With the Rams leading 23-16 late in the fourth quarter, the Titans got the ball at their own 12-yard line with 1:48 to play. Steve McNair drove them to the Rams 10-yard line before calling his final timeout with six seconds remaining.
McNair hit WR Kevin Dyson crossing underneath the defense at the five-yard line, but as the receiver turned for the end zone, Rams LB Mike Jones tied him up by both legs at the three, and as Dyson lunged for the score, he came up less than two feet from the goal line as time expired.
As exciting as the game was, it was not the biggest story of the week.
The game was played indoors at the Georgia Dome, but Atlanta was expected to feature mild weather in the week leading up to the game. On the Friday before the game, rain and freezing temperatures hit the city, causing sheets of ice to coat all the major thoroughfares, paralyzing Atlanta with conditions becoming so bad they caused a 47-car pileup on I-20 just west of the city.
The weather has been lousy here this week since Tuesday too, but nothing like 19 years ago.
And that wasn’t the biggest story of the week in 2000, either.
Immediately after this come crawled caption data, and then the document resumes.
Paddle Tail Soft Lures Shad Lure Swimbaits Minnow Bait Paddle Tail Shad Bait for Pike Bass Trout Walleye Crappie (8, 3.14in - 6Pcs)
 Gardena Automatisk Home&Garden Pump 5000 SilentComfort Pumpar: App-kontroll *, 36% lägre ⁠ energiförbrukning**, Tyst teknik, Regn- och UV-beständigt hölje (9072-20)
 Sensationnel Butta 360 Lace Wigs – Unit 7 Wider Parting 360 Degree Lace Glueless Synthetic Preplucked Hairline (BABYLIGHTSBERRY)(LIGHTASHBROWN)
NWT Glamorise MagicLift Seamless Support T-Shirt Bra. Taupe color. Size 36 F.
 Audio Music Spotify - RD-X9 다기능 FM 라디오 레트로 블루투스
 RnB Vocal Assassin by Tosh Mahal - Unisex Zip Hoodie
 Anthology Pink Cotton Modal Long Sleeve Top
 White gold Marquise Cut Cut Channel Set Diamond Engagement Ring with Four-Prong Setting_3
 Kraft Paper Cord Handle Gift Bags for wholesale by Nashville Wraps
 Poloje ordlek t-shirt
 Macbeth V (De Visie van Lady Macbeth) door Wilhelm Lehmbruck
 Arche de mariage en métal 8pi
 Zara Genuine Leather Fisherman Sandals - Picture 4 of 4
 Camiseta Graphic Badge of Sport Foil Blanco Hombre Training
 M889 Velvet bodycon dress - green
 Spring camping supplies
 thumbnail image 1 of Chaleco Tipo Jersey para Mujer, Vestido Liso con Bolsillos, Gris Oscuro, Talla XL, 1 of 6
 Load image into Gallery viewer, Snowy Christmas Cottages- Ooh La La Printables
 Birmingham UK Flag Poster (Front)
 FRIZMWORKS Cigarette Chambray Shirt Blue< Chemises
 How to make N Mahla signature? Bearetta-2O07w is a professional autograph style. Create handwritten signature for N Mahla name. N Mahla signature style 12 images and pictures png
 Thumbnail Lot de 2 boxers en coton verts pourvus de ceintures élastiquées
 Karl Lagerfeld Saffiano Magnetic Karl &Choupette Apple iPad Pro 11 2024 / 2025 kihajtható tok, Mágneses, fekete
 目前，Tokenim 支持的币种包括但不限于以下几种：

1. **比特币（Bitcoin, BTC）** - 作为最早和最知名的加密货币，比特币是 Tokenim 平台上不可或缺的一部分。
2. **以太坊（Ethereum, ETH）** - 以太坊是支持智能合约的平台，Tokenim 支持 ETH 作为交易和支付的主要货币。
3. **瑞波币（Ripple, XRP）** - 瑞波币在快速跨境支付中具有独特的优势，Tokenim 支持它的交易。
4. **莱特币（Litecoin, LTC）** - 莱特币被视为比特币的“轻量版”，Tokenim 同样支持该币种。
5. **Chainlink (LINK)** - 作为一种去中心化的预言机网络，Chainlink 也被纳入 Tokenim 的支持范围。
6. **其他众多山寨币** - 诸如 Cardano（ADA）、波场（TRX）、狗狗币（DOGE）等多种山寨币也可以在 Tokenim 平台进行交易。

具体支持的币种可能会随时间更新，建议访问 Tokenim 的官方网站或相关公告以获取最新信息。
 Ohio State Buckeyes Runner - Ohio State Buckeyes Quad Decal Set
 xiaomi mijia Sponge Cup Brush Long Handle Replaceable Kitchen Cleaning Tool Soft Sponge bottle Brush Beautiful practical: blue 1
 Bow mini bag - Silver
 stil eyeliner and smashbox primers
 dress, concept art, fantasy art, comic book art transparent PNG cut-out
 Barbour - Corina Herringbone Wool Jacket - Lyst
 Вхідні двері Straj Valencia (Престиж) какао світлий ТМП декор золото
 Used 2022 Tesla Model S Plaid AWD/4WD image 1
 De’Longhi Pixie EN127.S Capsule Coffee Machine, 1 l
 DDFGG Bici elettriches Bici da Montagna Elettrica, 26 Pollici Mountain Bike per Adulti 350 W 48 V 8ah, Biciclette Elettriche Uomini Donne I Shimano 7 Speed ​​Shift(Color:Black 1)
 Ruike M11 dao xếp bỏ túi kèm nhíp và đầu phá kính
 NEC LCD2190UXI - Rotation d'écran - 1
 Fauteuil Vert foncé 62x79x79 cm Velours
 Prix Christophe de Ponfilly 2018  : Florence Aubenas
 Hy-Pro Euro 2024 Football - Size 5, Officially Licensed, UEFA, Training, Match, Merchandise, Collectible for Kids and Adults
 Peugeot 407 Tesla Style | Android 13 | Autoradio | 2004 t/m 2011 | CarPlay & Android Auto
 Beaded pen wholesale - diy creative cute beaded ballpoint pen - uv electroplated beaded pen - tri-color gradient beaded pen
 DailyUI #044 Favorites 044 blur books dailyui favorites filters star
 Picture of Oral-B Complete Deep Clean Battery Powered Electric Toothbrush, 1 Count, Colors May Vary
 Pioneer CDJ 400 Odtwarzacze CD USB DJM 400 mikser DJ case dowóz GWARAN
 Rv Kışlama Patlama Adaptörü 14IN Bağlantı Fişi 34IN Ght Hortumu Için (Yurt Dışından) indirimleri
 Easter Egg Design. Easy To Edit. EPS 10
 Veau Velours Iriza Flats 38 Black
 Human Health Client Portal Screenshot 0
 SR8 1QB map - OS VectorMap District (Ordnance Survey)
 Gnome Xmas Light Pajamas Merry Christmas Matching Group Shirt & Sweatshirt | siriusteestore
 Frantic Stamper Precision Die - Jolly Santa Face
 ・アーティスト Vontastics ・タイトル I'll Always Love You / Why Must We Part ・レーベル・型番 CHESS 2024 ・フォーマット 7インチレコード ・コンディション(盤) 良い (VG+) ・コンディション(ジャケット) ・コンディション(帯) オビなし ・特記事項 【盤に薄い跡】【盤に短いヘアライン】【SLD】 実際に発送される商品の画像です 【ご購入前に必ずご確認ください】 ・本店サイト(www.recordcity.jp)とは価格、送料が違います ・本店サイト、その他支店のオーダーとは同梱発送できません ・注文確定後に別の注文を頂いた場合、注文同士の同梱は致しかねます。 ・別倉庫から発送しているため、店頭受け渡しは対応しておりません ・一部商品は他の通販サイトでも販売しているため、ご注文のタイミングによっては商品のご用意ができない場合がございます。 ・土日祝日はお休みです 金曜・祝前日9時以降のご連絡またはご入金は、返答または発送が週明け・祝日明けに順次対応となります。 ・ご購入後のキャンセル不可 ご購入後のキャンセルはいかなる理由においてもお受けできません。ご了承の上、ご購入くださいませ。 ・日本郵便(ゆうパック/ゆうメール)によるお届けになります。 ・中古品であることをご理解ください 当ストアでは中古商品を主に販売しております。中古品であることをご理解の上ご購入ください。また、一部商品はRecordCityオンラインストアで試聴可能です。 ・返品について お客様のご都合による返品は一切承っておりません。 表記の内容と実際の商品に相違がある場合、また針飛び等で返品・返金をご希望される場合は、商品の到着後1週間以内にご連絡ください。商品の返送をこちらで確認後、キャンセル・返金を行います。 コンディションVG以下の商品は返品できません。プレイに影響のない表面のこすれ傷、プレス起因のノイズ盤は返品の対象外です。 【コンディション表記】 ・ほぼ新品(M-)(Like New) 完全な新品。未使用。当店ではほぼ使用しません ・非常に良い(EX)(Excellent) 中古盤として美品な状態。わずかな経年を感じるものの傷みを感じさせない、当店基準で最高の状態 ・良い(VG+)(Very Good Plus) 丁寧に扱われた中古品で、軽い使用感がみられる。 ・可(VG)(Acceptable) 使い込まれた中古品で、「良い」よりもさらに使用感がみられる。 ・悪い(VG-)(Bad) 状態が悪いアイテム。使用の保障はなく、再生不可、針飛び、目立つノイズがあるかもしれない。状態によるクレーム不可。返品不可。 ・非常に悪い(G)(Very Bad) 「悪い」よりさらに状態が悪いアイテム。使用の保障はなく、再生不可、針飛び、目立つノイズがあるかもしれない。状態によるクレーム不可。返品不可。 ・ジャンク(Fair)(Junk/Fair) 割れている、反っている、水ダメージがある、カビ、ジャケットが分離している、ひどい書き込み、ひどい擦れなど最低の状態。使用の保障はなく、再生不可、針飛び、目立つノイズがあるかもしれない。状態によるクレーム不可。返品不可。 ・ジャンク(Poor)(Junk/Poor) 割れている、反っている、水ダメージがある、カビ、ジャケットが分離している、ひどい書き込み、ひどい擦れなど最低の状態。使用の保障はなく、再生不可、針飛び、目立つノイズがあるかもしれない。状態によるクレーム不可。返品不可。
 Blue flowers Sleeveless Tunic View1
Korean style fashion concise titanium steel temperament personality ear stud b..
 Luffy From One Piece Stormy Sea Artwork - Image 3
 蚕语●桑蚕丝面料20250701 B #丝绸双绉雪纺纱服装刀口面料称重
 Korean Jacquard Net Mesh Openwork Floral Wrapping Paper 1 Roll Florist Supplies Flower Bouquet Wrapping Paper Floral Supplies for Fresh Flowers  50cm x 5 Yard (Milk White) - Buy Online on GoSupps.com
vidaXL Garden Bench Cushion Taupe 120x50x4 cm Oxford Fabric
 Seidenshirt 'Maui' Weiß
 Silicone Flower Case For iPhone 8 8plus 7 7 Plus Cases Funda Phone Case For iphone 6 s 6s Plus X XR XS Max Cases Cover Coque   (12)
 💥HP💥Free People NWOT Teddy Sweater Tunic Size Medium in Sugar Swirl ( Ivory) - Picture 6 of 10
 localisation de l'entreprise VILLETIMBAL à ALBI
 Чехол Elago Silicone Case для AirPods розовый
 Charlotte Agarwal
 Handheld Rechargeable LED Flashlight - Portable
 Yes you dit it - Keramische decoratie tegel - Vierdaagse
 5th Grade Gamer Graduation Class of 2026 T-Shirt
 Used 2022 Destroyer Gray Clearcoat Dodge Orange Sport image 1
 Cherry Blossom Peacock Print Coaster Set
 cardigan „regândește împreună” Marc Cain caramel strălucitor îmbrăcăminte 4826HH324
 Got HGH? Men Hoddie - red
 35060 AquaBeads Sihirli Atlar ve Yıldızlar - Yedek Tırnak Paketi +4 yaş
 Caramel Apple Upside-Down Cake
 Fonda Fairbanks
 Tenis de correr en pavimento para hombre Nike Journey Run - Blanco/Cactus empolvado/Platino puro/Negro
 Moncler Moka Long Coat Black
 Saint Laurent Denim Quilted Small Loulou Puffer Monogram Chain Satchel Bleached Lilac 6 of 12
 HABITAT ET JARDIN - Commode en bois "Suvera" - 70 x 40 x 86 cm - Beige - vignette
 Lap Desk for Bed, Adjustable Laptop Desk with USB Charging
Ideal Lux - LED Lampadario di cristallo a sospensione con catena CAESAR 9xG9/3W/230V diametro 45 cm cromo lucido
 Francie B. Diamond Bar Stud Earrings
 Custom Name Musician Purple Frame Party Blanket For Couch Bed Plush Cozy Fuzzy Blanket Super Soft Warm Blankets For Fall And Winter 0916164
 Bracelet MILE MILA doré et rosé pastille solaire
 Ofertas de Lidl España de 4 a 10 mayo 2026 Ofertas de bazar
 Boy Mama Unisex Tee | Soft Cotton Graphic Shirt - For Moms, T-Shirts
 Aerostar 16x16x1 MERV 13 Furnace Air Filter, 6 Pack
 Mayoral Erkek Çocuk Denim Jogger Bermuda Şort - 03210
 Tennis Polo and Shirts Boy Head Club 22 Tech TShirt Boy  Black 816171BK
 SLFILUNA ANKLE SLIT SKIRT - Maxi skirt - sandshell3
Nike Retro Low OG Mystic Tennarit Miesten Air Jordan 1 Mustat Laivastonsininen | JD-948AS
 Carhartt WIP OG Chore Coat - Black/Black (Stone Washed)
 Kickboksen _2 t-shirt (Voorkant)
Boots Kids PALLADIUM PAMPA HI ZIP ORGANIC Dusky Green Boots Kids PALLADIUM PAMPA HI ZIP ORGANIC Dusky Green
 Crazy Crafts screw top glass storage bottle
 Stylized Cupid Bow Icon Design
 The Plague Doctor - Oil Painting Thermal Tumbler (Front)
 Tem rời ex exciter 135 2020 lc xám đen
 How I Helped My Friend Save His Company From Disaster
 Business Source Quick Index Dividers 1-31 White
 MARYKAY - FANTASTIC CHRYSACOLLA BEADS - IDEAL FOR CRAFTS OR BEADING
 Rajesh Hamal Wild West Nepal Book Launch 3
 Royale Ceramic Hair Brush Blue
At approximately 3:30 in the morning, just hours after the game on Super Bowl Sunday, Jacinth Baker and Richard Lollar were brutally murdered in a fight in the parking lot of the Cobalt Lounge in Atlanta’s Buckhead district.
Eventually, three men were charged with the murder: Joseph Sweeting, Reginald Oakley and future Pro Football Hall of Famer Ray Lewis.
Lewis would later plead guilty to obstruction of justice and testify against his friends, Sweeting and Oakley. However, both men were acquitted, the case remains unsolved to this day and the NFL never punished Lewis for his involvement.
But that was then and this is now, and it’s unfortunate Atlanta bears those marks.
The locals here have been fantastic and incredibly gracious hosts this week, and with the Convention/Media Center, gorgeous new stadium, indoor arena and thousands of quality hotel rooms all within walking distance of each other, it is the perfect place for a Super Bowl.
Hopefully, LIII will escape and erase all the wounds of the first two.